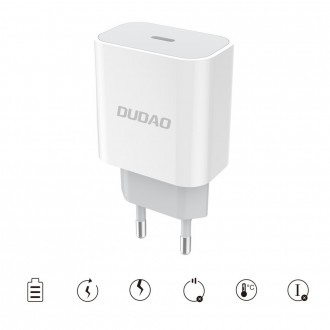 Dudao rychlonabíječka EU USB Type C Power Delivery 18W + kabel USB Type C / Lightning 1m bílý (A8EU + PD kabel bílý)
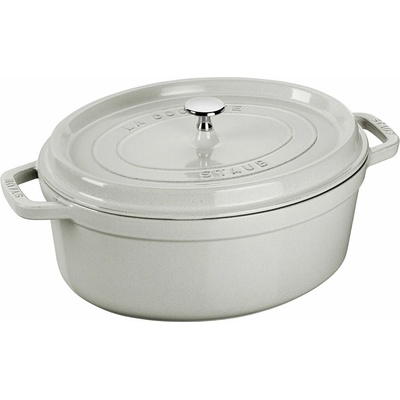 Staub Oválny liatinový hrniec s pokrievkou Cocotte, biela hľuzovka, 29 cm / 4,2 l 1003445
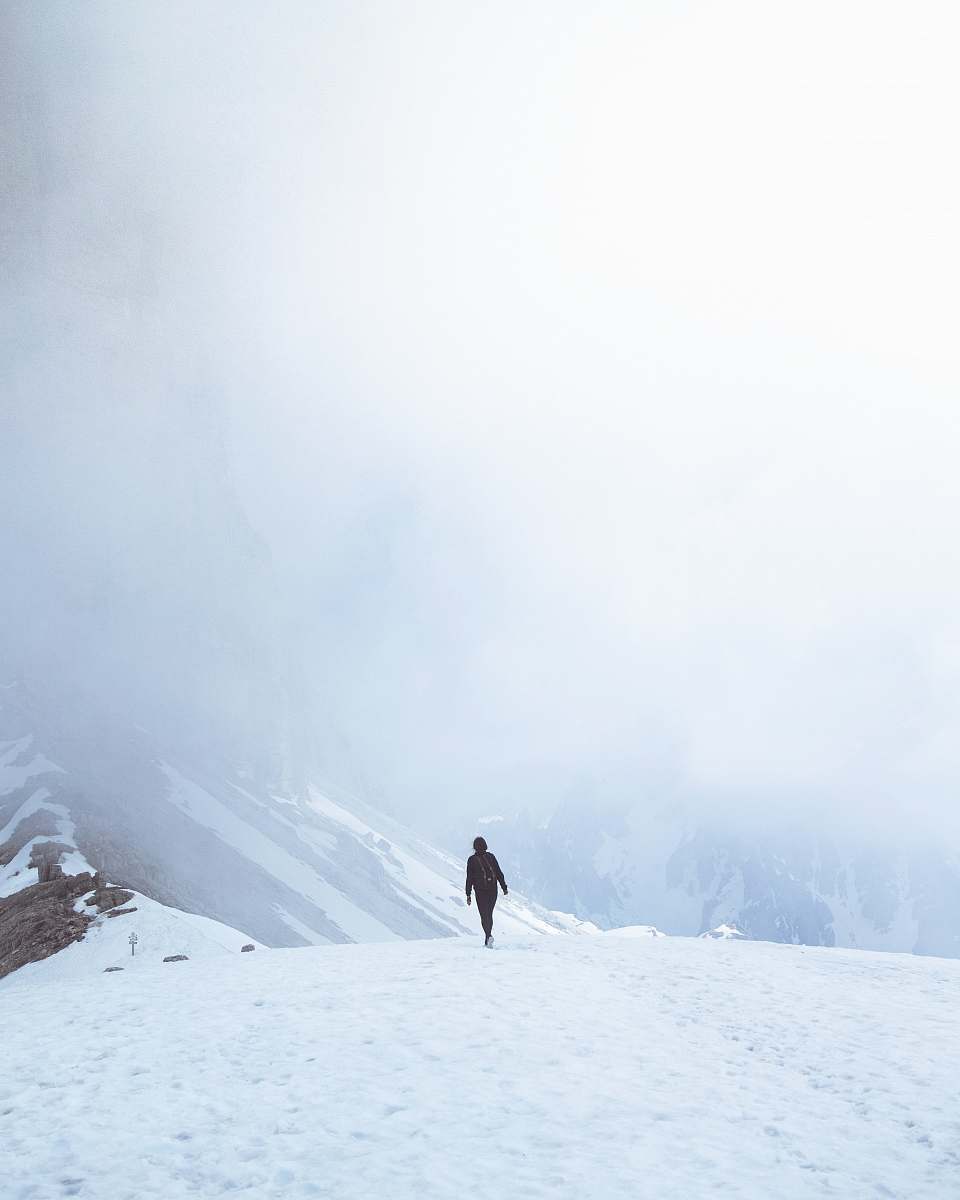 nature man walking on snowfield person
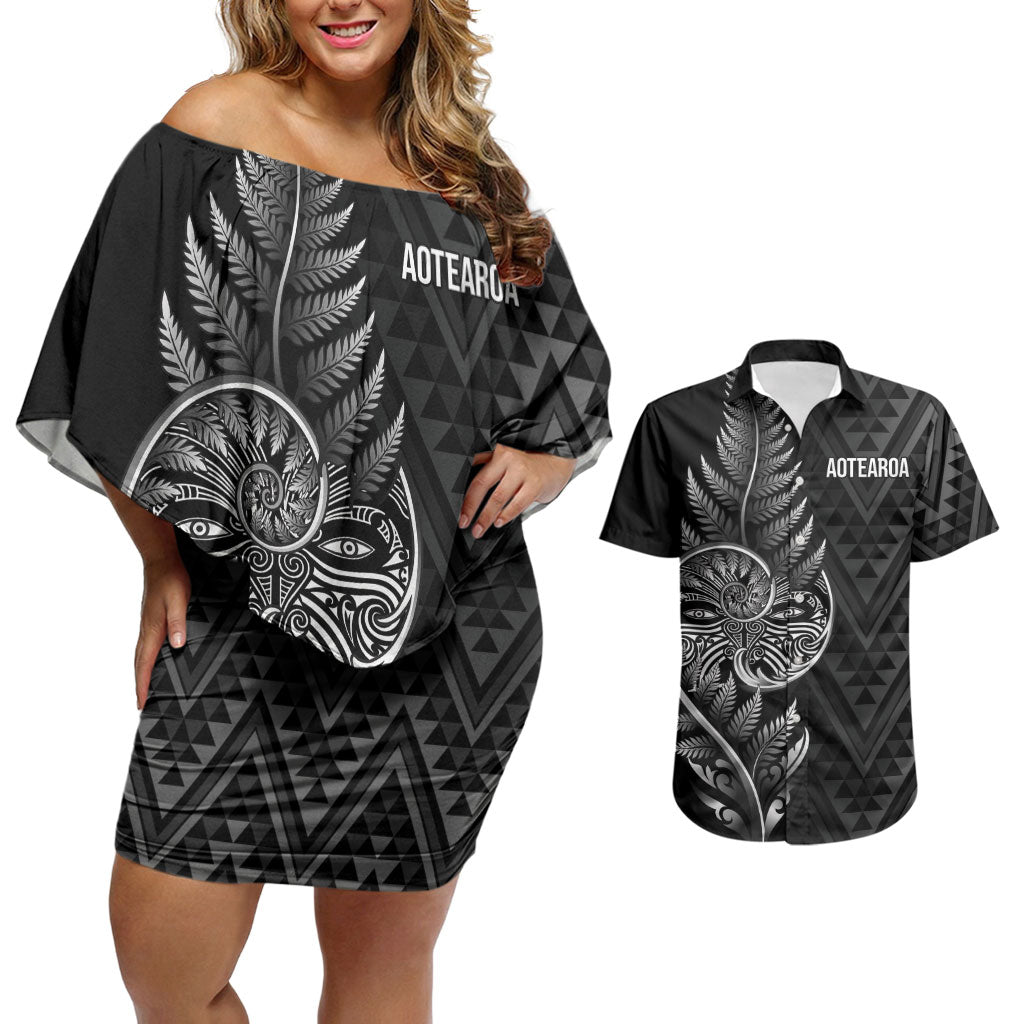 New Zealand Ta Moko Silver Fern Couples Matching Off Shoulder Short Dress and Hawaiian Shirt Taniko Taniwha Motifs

----

• Problem to solve: Leaving the pictures out, set down all of the data again exactly.

• Result of this task:
 Dudao rychlonabíječka EU USB Type C Power Delivery 18W + kabel USB Type C / Lightning 1m bílý (A8EU + PD kabel bílý)
 Staub Oválny liatinový hrniec s pokrievkou Cocotte, biela hľuzovka, 29 cm / 4,2 l 1003445
 nature man walking on snowfield person
 New Zealand Ta Moko Silver Fern Couples Matching Off Shoulder Short Dress and Hawaiian Shirt Taniko Taniwha Motifs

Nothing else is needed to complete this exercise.